Em Portugal essa governance é muito afectada pela «influência» que dirigentes locais, sobretudo autarcas, têm nos estados-maiores. E não há momento melhor para perceber isso do que quando se fala na reforma das Finanças Locais.

As primeiras ideias do Governo iam no caminho certo: fixação de limites estritos ao endividamento (125% do total de receitas); «cativação» de receitas para áreas como Educação, Saúde e Acção Social; medidas para corrigir desequilíbrios financeiros... Faltava saber se Sócrates teria força para impor regras que limitavam a irresponsabilidade com que algumas figuras do poder local (de todos os partidos) dirigem os municípios.

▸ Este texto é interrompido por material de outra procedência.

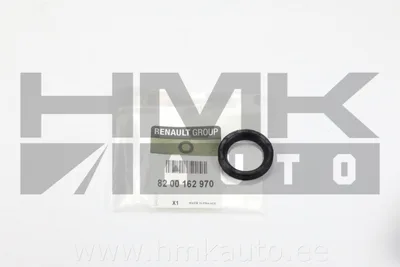 Nukkvõlli reguleersolenoidi tihend OEM Renault 1,6 16V - REN  8200162970 - OE - 100% Genuine Part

A «suavização» das medidas mostra que Fernando Ruas e seus pares ganharam. De tal forma que o Governo até decidiu criar um Fundo para ajudar os municípios que, com as novas regras, passam a estar tecnicamente falidos. Os outros, que são bem geridos, devem estar a pensar que o crime compensa.

 
At 27 de julho de 2006 às 15:49, Anonymous Anónimo said...

Lembro-me do dia em que fui
raptado e em que enviaram um
bocado de um dedo
meu ao meu pai... Ele disse
que queria mais provas.

Dedicada a todos os corruptos que ocupam 99% do seu tempo fazendo-se passar por tipos sérios e competentes. O 1% restante é dedicado a colar o dedo...

 
At 27 de julho de 2006 às 17:14, Anonymous Anónimo said...

O MAL DE PORTUGAL CHAMA-SE SOCIALISMO
A doença de que padecemos tem um nome: SOCIALISMO

 
At 27 de julho de 2006 às 18:30, Anonymous Anónimo said...

Entao e o Comunismo e o que?

 
At 27 de julho de 2006 às 20:16, Anonymous Anónimo said...

Taveira Pinto conseguiu demonstrar que, ao contrário do que se pensava, o socialismo é que é a doença infantil do comunismo.

 
At 28 de julho de 2006 às 11:59, Anonymous Anónimo said...

O socialismo e comunismo são sinónimos, tiveram a mesma génese e o mesmo tronco comum. São factos históricos.
A única diferença é que a palavra comunismo caiu em desuso e a palavra socialismo não. É apenas uma questão de vocabulário e fashion.

 
At 30 de julho de 2006 às 03:32, Anonymous Anónimo said...

deduzo que o meu caro "comentarista" não percebe o suficiente de ciência política para se sustentar em convicções tão profundas e tão erradas acerca da evolução da teoria política do século passado.

Pinto e Sócrates só confirmam duas coisas: que o socialismo que queira vingar pro futuro, tem requisitos. Um socialismo que resulte - resulte(e não derive, apenas) da social democracia dos regimes ocidentais (bem longe do comunismo - mesmo que renovado, ou bloquista -) e com paliativos de um autoritarismo exigente. É bom que se note o óbvio. Nem que seja para futuros pretendentes ao cargo terem uma noção da sua função ideológica.